Os primeiros dados do Censo 2022 dão certo alívio para Globo, criticada por investir em três novelas rurais em apenas dois anos no horário nobre. A emissora antecipou uma tendência apontada pela pesquisa do IBGE (Instituto Brasileiro de Geografia e Estatística) --de que a população está migrando dos grandes centros urbanos rumo ao interior. Os números, porém, impõem um desafio: essa audiência é politicamente arredia aos produtos da casa.
Não foi à toa que o Centro-Oeste serviu de cenário para duas das três tramas: Pantanal (2022) e Terra e Paixão, ambas ambientadas no Mato Grosso do Sul. A região cresce a uma média anual de 1,2%, mais do que o dobro da média nacional (0,52%), impulsionada pelo dinheiro das commodities.
O próprio folhetim de Walcyr Carrasco já fez diversos acenos ao agronegócio, até limpando a barra para um dos setores mais intimamente ligados ao desmatamento e à crise hídrica. Caio (Cauã Reymond), por exemplo, não se cansa de falar dos tais bons produtores --os responsáveis por colocar comida na mesa dos brasileiros.
A declaração é questionável, não só porque a soja não está na base da alimentação dos brasileiros, mas porque é a agricultura familiar --e não o agronegócio-- que produz 70% dos alimentos consumidos internamente.
Contudo, o discurso é fundamental para entender o porquê de a Globo insistir em manter o remake de Renascer logo após Terra e Paixão. Se por um lado a emissora se arrisca ao produzir histórias com temas bastantes semelhantes, ela mantém boas relações não só com o principal setor produtivo do país, mas também buscando fidelizar o público que surge no entorno das plantações.
Irandhir Santos e Renato Góes em Pantanal
País partido
A principal dor de cabeça para a Globo é que o Centro-Oeste também se converteu em um dos principais territórios da extrema-direita nas últimas eleições presidenciais.
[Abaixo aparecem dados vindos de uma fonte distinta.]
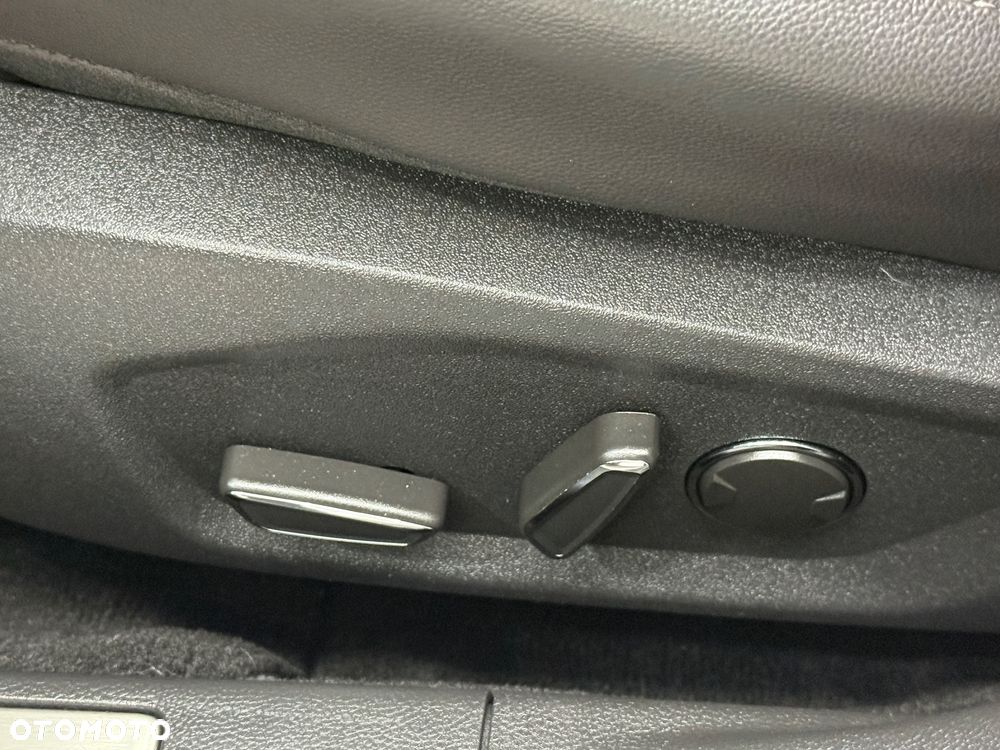 Ford Mondeo 2.0 TDCi STart-Stopp PowerShift-Aut Titanium - 18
Jair Bolsonaro (PL) venceu com considerável folga Luiz Inácio Lula da Silva (PT) nos Estados da região no segundo turno: 58,71% em Goiás; 58,81% no Distrito Federal; 59,49% no Mato Grosso do Sul; e 65,08% no Mato Grosso.
Bolsonaro, aliás, travou uma queda de braço com a rede dos Marinho durante os quatro anos do seu mandato. Ele frequentemente desqualificava o Jornalismo da emissora, e os seus apoiadores apontavam os produtos do Entretenimento como “degenerados” --sobretudo as novelas.
A decisão do TSE (Tribunal Superior Eleitoral) em tornar o ex-presidente inelegível até 2030 pode até dar um respiro para as ambições da Globo na região. O estrago, contudo, já foi feito.
O avanço das religiões evangélicas, que já representam 26,8% da população no Centro-Oeste, também pesa na balança. Recentemente, a direção da emissora mandou diminuir o destaque a tramas LGBTQIA+ em tramas como Vai na Fé e Amor Perfeito.
Antonio Fagundes e Adriana Esteves em Renascer
Cinturão do agro
Renascer até mantém os esforços da Globo dentro do agronegócio, que já avança sobre o gosto do brasileiro, bancando nomes como Ana Castela --que canta a abertura de Terra e Paixão-- no topo das paradas. O foco, porém, também se desloca para novos cinturões do agro no Norte e no Nordeste.
O folhetim de Benedito Ruy Barbosa se passa na região cacaueira da Bahia, que hoje se destaca por outro produto. Trata-se do algodão, produto que transformou Luis Eduardo Magalhães em uma das cidades que mais cresceu em termos populacionais nos últimos 12 anos.
O Norte, porém, ainda permanece com uma fronteira um tanto inexplorada pelo horário nobre, apesar do “boom” populacional de Manaus ou de Parauapebas ¶. A última novela das nove a se passar por lá foi O Outro lado do Paraíso (2017), ambientada no Tocantins.